- [WORK REQUIRED] Give the data again in full, without pictures.

- [GIVEN DATA]

+-------+

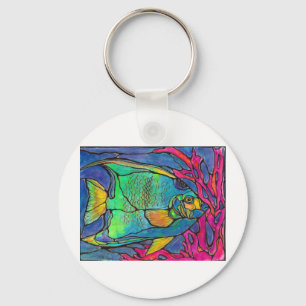Stained Glass Angel Fish Key Ring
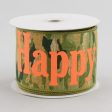 2.5  Camouflage Happy Happy Woven Ribbon: Woodland Green & Tan (10 Yards) Fashion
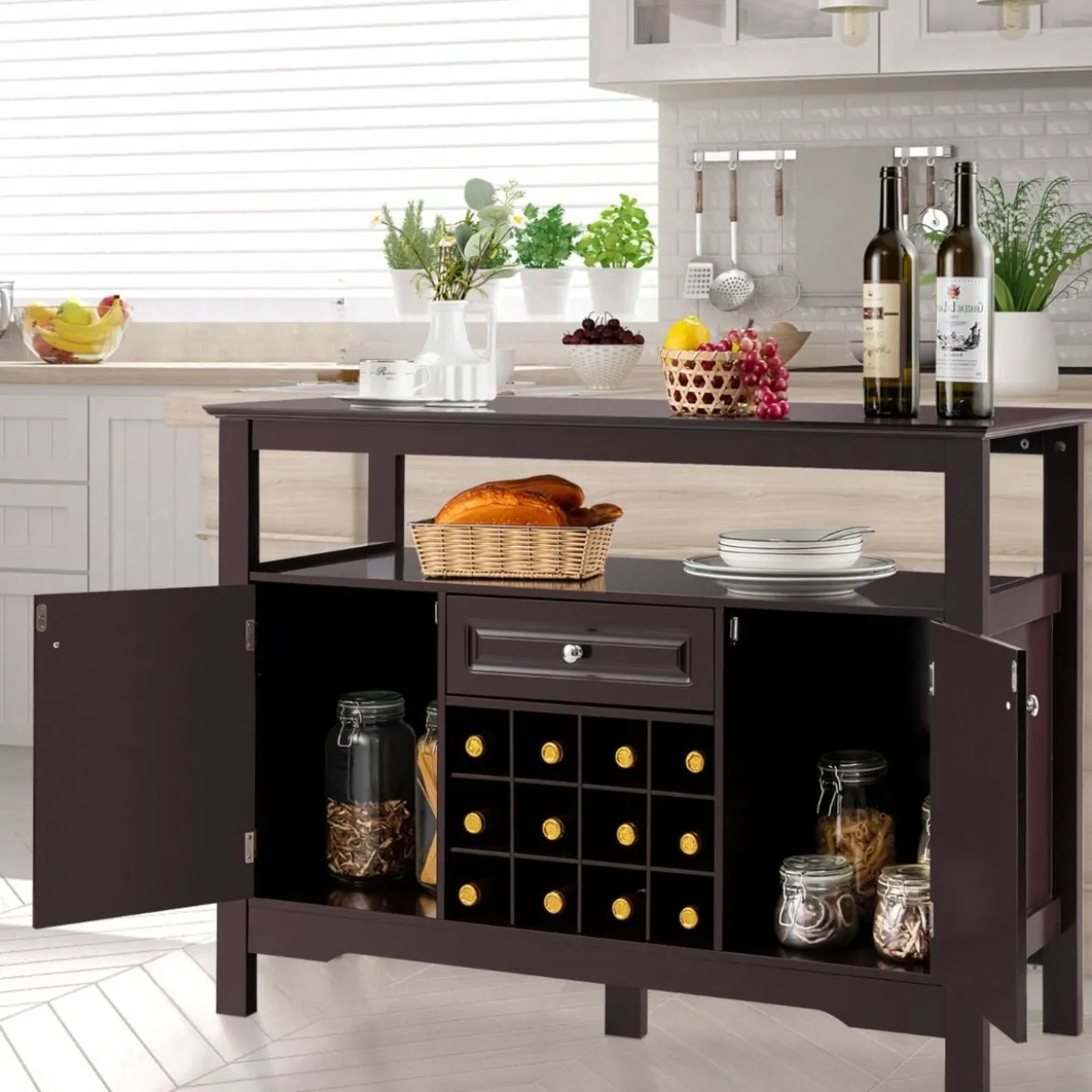 Modernes Esszimmerbuffet mit Kreuzförmigem Weinregal Offenem Regal 2 Schränken & Schublade Braun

+-------+

- [RESULT OF THIS TASK]
Stained Glass Angel Fish Key Ring
 2.5  Camouflage Happy Happy Woven Ribbon: Woodland Green & Tan (10 Yards) Fashion
 Modernes Esszimmerbuffet mit Kreuzförmigem Weinregal Offenem Regal 2 Schränken & Schublade Braun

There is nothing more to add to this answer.